P.S. Your own and your company’s contributions to a retirement fund are typically NOT enough to retire comfortably (or early). You need to have alternate savings.
Watch the lifestyle creep
What is Lifestyle Creep? Investopedia describes Lifestyle Creep as:
“Lifestyle creep occurs when an individual’s standard of living improves as their discretionary income rises and former luxuries become new necessities. The rise in discretionary income can happen either through an increase in income or decrease in costs”
Basically, it means you get a pay rise and now you shop at Woolies. This happened to me. My family always shopped at the local supermarkets in our neighbourhood. Woolworths* was an absolute luxury for us in South Africa and we hardly ever went there. I then got my first job and had my own income, so Woolworths became a slightly more frequent occurrence. The fruits and vegetables just seem to last longer, I convince myself. Fast forward two more years and I find myself doing the full grocery shop at Woolworths. “How did this happen?” I ask myself as I put absurdly-priced laundry detergent into the basket. The answer: lifestyle creep that I let go unchecked.
[*Woolworths is similar to a Marks and Spencer in the UK or a Whole Foods in the US]
This happens in many forms: Buying that car you can just afford because it suits your professional image, eating out a touch more often than is good for your wallet because you work hard and deserve it. In some more extreme settings, this lifestyle creep sees us having to work multiple jobs or change jobs simply to sustain a lifestyle that has spiraled out of control.

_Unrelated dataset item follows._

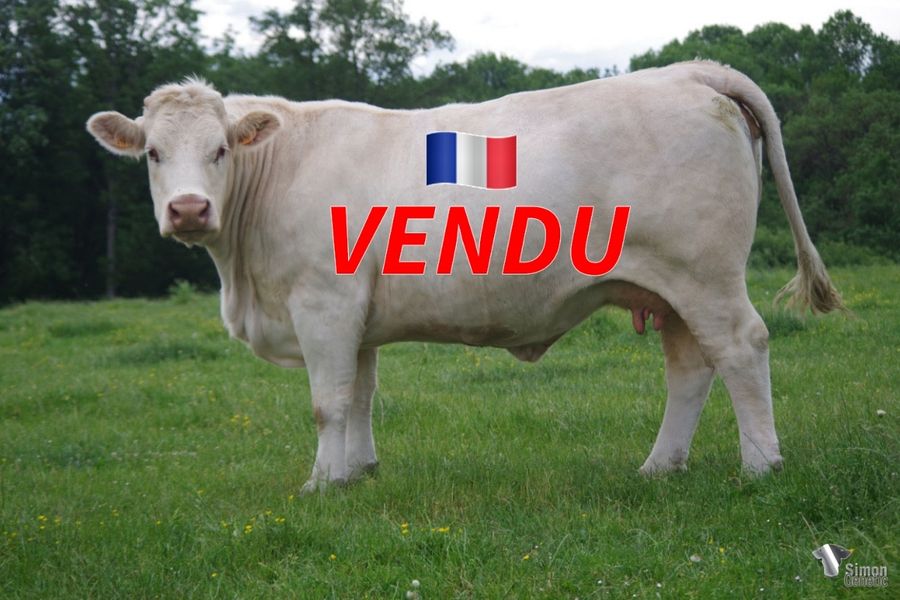 <b style="color:#FF0000">VENDUE au GAEC CHEZEAU (23 - France)</b><br /><b>JARI</b><br />Né le : 16/12/2013<br /><img src="https://www.simongenetic.com/wp-content/uploads/2021/01/icon-pdf.png" /> <a class="img-wrap-spe" href="https://www.simongenetic.com/wp-content/uploads/2022/06/jariguer.pdf" target="_blank" rel="noopener">Pédigrée ici</a><br /><img src="https://www.simongenetic.com/wp-content/uploads/2021/02/icon-call.png" /> <a class="img-wrap-spe" href="https://www.simongenetic.com/contact?subj-obj=cowllectionguerinet2022-jariguer" target="_blank" rel="noopener">Je veux être contacté par Simon Genetic</a><br />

We all like owning nice things but make sure the nice things aren’t owning you. Certain bad money decisions you make now as a young professional may take you years to undo.
3. Keep a close eye on social pressure
We live in a world where social media makes the lives of others seem so glamorous yet so attainable. Our simple lives pale in comparison and the need to keep up with Joneses becomes overwhelming, to say the least.
As a young professional, the pressure to keep up appearances and advance through your career at a breakneck speed can be detrimental to your financial and mental wellbeing.
You’re human. Your face isn’t always going to be Instagram-ready. You’re not always going to walk through the door dressed in a custom suit or sleek pencil skirt in platform heels while being the smartest AND most attractive person in the room. Your house isn’t going to have its own YouTube channel. Your career path may not be working out perfectly and IT’S ALL PERFECTLY OKAY.
If you’re not careful, you might find yourself trying to fit yourself into a mould, lifestyle, or job and that isn’t you and you’re going to find yourself pretty darn unhappy about it. As a young professional, you often see people progressing faster than you and it is tempting to feel as if you need to catch up as soon as possible. You feel that promotion needs to speed up or even that you need to leave a job you’re happy with because the title doesn’t look so good on your LinkedIn profile anymore.
Pay careful attention to what makes you happy and gives you purpose, and trust your journey. You are allowed to have dreams and goals that are not the social norm or that don’t present prettily on social media. We don’t always have to progress rapidly through the ranks; you can stop and smell the roses when you’re in a role you enjoy. If you’re a woman in the workplace, you’re still perfectly worthy even if you’ve decided that breaking the glass ceiling simply isn’t for you; you haven’t let any of us down by not striving to be the next CEO.
Finally, perfection is impossible when you’re starting out in your career. Our situations might not always allow us to make the best possible choices for ourselves but having a clear vision can help us make better ones that bring us closer to the life we have always envisioned.